Fugas - Viagens

Ano Grande Brasil

Série Especial 24º Aniversário do Público

O Rio de Janeiro visto por Pierre Aderne

Pedimos ao músico brasileiro, radicado em Lisboa desde 2011, que elegesse os seus lugares favoritos no Rio de Janeiro. A escolha vai da lagoa Rodrigo de Freitas aos mais apetecíveis botecos da cidade.

Dois anos depois de ter deixado a Portela do samba e pousado na Portela aos pés Tejo, percebo que a saudade é o que mais pesa na bagagem, por isso guardo-a como um presente para o futuro, numa caixa bem bonita. Sou um Carioca de Ipanema, que cresceu banhado pelas águas de Março de Tom Jobim, pela voz mansa de João Gilberto, pelos pontos de candomblé e pelos bichos da mata de Lygia Clark. Quando fecho os olhos e penso no Rio, me transporto para os últimos sítios e terreiros de um Rio ainda não globalizado, que inclusive levou-me a pensar no meu próximo documentário, que filmarei por lá até o fim do ano: Suco, Barraca, Boteco, e que também serviu de inspiração para a construção do meu novo álbum, Caboclo, a ser lançado em breve. Estas são as minhas ilhas virgens dentro do meu Rio de mar. Meus dias no Rio, ainda hoje cumprem essa rotina, quase sempre nessa ordem.
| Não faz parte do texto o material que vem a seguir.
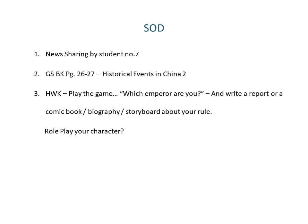Next, we look at GS book pages 26-27: Historical Events in China Part 2, where we look at the Tang Dynasty and the Song Dynasty. Lastly, you have a homework assignment in which you have to watch a video called 'Which Emperor Are You?' and write a report. It could be a comic book, a cartoon, a biography, or a storyboard about your rule. Once you find out what kind of emperor you would be, draw a picture and write about your strengths, weaknesses, what you did in your empire, how you would rule, what the inventions were, how you would rule your people, how you would expand your empire, and your thoughts about the emperor you would like to be.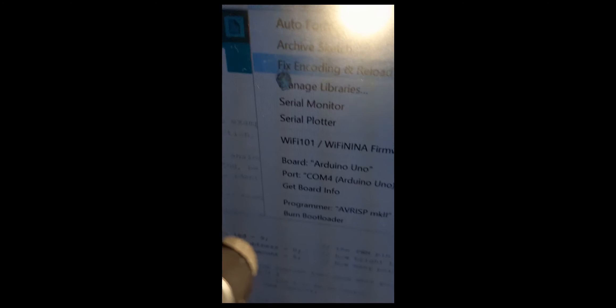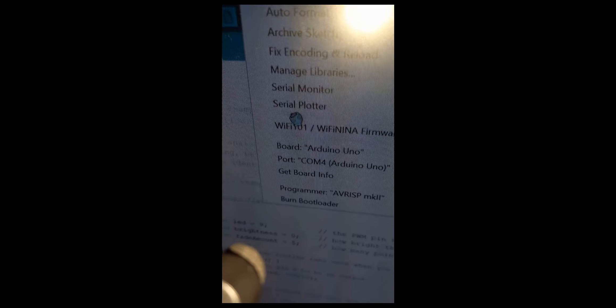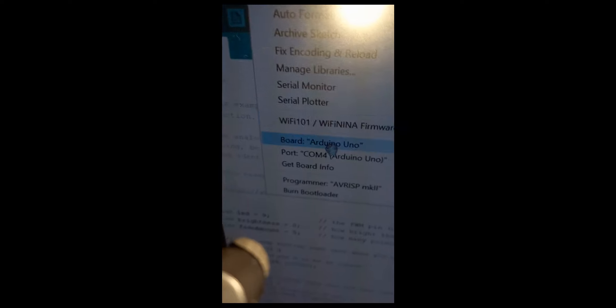Aquí en Tools pueden seleccionar su Arduino, y aquí su puerto USB. Yo lo tengo bien, así que no tengo problemas. Y simplemente le doy a Upload.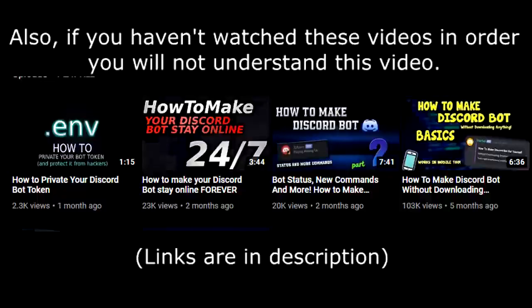Without wasting your time with an intro, I would like to start part 3. If you haven't watched these videos in order, you will not understand this video. So let's start.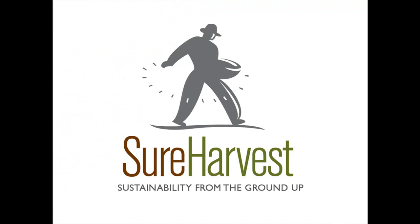This concludes our video training on how to build a report. For more help, contact the SureHarvest Customer Success Team.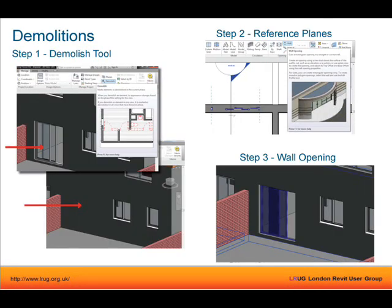The demolition tool is on the Manage tab. You select your object to demolish it, but instead of creating an opening as would happen in real life, Revit fills it in with the same wall type — which is not what you want. You have to demolish it, then set up some reference planes and place a wall opening to effectively reopen the gap. Wall openings are probably my least favourite tool because they tend not to snap to anything, which is quite annoying.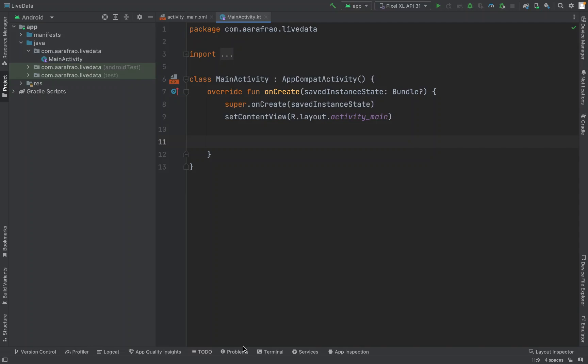We are going to look at live data. So first of all, why live data? Why do we use live data? We have a lot of other libraries, but instead we are using live data just to render the view.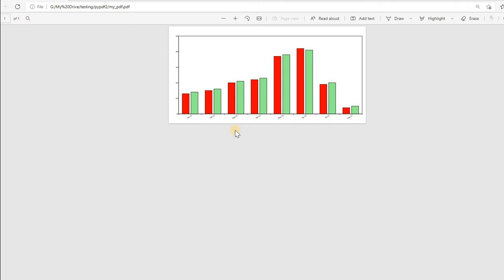Hi friends, we will continue learning generation of PDF documents using Python. We are using ReportLab. You can see these various charts we will learn. This is a vertical chart and we can make it horizontal also. We will see by changing the data and its options how we can customize these charts.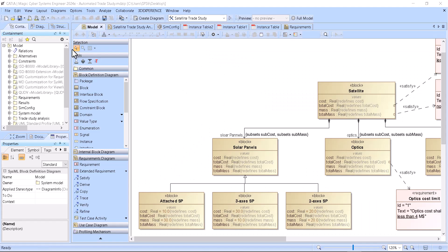Hello, today we will talk about how to get all possible system configurations based on the alternatives in the model.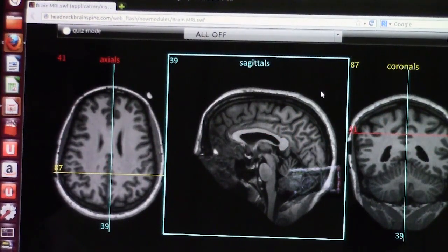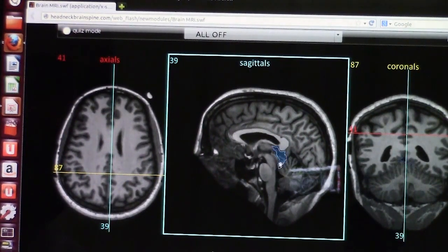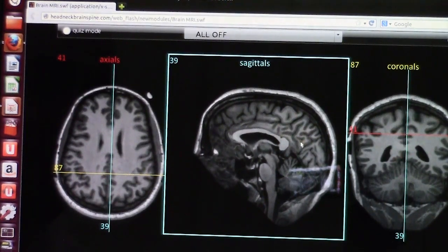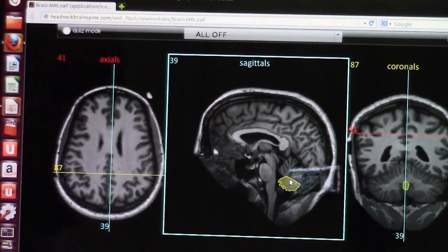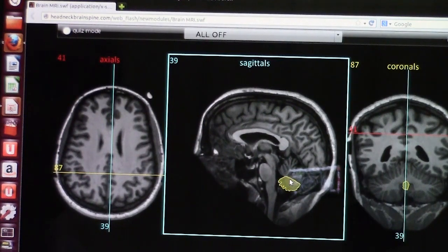Another key structure to look at on the sagittal T1 is the vermis of the cerebellum. You need to look if it is absent or present, and also whether it is normal or atrophic, especially in children's brains and in adults. Here you see the anterior cerebellar lobe and the posterior cerebellar lobe, and here you see the vermis.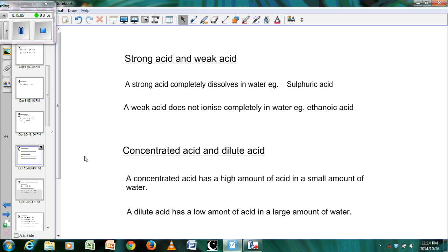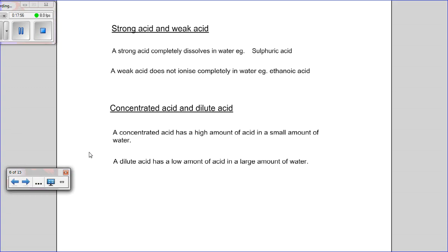We can also get a concentrated weak acid like ethanoic acid, where there is a large ratio of weak acid to a small amount of water. A dilute acid has a low amount of acid in a large amount of water — the ratio of acid to water is very low. The same principle applies to bases as well.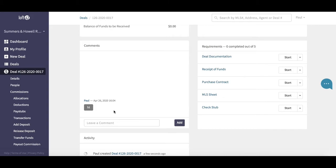They'll get an email notification and an in-app notification to let them know that a comment has been left on the deal. We often see the comment section used for things like missing signatures on documents. For example, if you need to send a quick message to your agent to let them know that the document is missing a signature, this is the perfect place to do that.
1. Lagoa Rodrigo de Freitas

A lagoa talvez seja dos lugares mais belos do Rio. Sair do túnel Rebouças e encontrá-la é das poucas cenas a que meu coração frágil de saudade não consegue se acostumar. Lembro-me de ouvir um amigo de Tom Jobim contar-me que, certa vez, o maestro da bossa nova – na altura que já não estava bem de saúde em Nova Iorque – pediu para voltar urgente ao Rio. No dia seguinte, após convencer a família e os médicos pela viagem, pousa no Galeão e ainda dentro do carro, ao chegar na Lagoa, pede ao motorista para que pare o carro no meio da rua. Então abre a janela às lágrimas e diz: “Agora já posso partir tranquilo.” Gosto de acordar em Ipanema, caminhar ou remar em um caiaque, vendo a cordilheira de montanhas ao seu redor – da Pedra da Gávea ao Cristo Redentor – e depois parar em um quiosque, beber uma água de coco ( R$5.00, cerca de 1,6 euros) e ficar vendo o brilho da luz de Outono em seu espelho d’água.

2. Vista Chinesa

A Vista Chinesa é um mirante localizado dentro da mata atlântica próximo ao Alto da Boavista, criada em 1903. O início da subida de 5km até ela fica a pouco mais de 15 minutos a pé da lagoa, pode ser cumprida a pé ou de bicicleta (para os mais avançados) . No caminho de mata virgem, encontram-se jaqueiras gigantescas e ouve-se o barulho de cachoeiras. Dependendo da sorte, pode-se ainda encontrar borboletas azuis, o macaco-prego de cara branca ou um casal de tucanos. No meio da subida de alcatrão, pode-se entrar em uma de suas trilhas de terra e refrescar o calor na sombra de uma queda d’água. A intensa caminhada pode durar cerca de uma hora, mas ao chegar a vista certamente seus olhos jamais irão esquecer o belo Rio – de Copacabana ao Leblon – visto lá de cima. Vale cada gota de suor derramado.

3. Barraca de praia em Ipanema

A barraca de praia é um comércio ambulante de praia do Leme ao pontal. Normalmente o negócio é gerido por uma família, que aluga uma cadeira de praia (R$5.00) ou um guarda-sol (R$10, um pouco mais de três euros); também há caipirinhas ( R$8.00, cerca de dois euros e meio) ou uma “loira gelada” (Antartica Original R$6.00, perto de dois euros). Lembro-me ainda moleque de ir à praia em frente à Rua Joana Angélica, tínhamos uma conta “família” em uma dessas barracas. Ficávamos por muitas vezes até o pôr do sol. Na juventude, me revezava entre a Barraca do Carlinhos (em frente à Rua Vinícius de Moraes), a Barraca da Denise (em frente à Rua Farme de Amoedo), ou a barraca do Uruguai, no Posto Nove, onde jogávamos bola, na “pelada” , carinhosamente batizada de “Sangue e Areia”. De lá saíram as peças principais da nova engrenagem cultural carioca, a malta da minha geração. Carlinhos, Denise e o Uruguaio (hoje o filho) continuam por lá a fazer a alegria da malta.